Как видим, мысленная плоскость сечения уже и не выдерживает такого количества смысловых семантических ординат, двухмерное пространство становится, по меньшей мере, трёхмерным, а с учётом того, что каждая порция бинарного отражения (симметриада) фрактальна и состоит из асимметрично-дисимметричных отражений, то перед нами явно многомерное пространство. Далее Воланд, объявляя Берлиозу об усекновении его головы, производит последнего в Крестителя, и пародийная Голгофа на Патриарших — финал Завета — вновь отражается в Иордане — начале Завета, где атеизм крестителя, квадрат стоячей мёртвой воды, икание литераторов (книжников) от евангельской желчи разворачивается через оси симметрии 3-го, 4-го, 6-го порядка (по взаимно перпендикулярным направлениям) в такое множество версий, которое, пройдя весь ряд итераций, по сути становится миниатюрным подобием всего целого (роман). Назовем этот феномен фрактальным подобием. Аналогии с множеством Мандельброта налицо; возможно, природа любого текста, взятого как актуальная связность, предпочитает такого рода дробные фрактальные объекты, обладающие расползающейся разреженной структурой и способные бесконечно повторяться в различных масштабах, репродуцироваться в сериях содержательных версий... компьютерная модель множества Мандельброта — вид на строение мира.

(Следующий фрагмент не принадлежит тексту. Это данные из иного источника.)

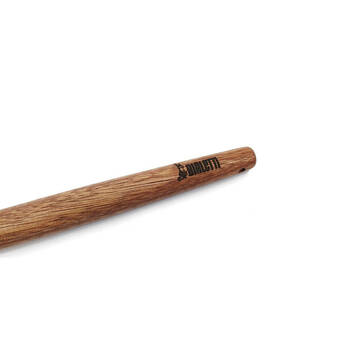 /assets/alt_3/ST-SKM_3PK.jpg?20250902160226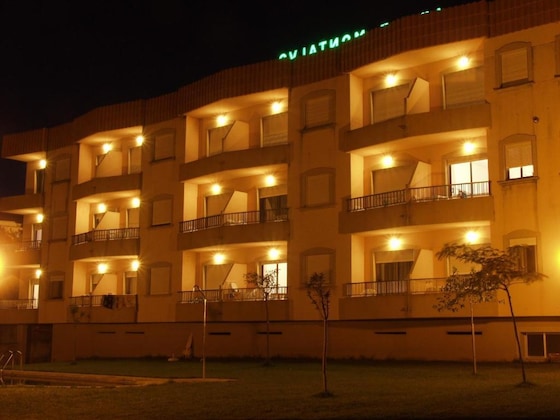 Gallery - Apartamentos Montalvo Playa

Итак, фракталия (от лат. fractura — надлом, перелом) — это развёрнутая в комбинаторное дерево серия симметриад, порция манифестаций содержания между двумя творящими паузами. Фракталия обладает способностью бесконечно воспроизводить версии самой себя и спорадически повторяться в самых различных масштабах по всему семантическому пространству текста. На комплексной плоскости Мандельброта фрактальному массиву соответствует сияющая радуга форм вокруг бездонно-чёрной восьмёрки множества. Только в короне, в кипении фрактальных форм рождается смысл, вне её радуги — чёрные бездны потенции. Основание фракталии — серия фрактальных подобий... Фрактальное подобие или флекс (от лат. flexio — сгибание, переход) — это свёрнутая нестрогая незеркальная копия всей базовой родительской матрицы, план текста, монада, творящая фракталии по всему семантическому полю. На комплексной плоскости множества Мандельброта флексу соответствуют бесчисленные микроскопические версии чёрной восьмёрки, как бы подвешенные в атмосфере комплексной плоскости. С точки зрения дискретности Фрактальное подобие — есть первая развёртка фрактальной точки или фиксоида (от лат. fixus — неизменный; см. ниже), а фиксоид в свою очередь и есть та творящая пауза между двумя порциями Формы; фрактальная точка — цезура творения, потенция. На комплексной плоскости Мандельброта фиксоидам соответствует та содержательная чернота, которая находится внутри каждого микроскопического подобия главного множества, чернота внутри бесконечных восьмёрок (кувшин сделан из глины, но его форма и предназначение зависит от пустоты в нём, не от глины). Флексы, имея содержательное строение, длительностью не обладают... Симметриада — мельчайший исходный элемент возникающей фракталии и образованный осями симметрии 1, 2, 3, 4, 5, 6 порядка. Симметриады — это буквы фракталий, образующие всю фрактальную массу. Принципы возникновения и строения симметриад подчиняются известным правилам классической теории симметрии.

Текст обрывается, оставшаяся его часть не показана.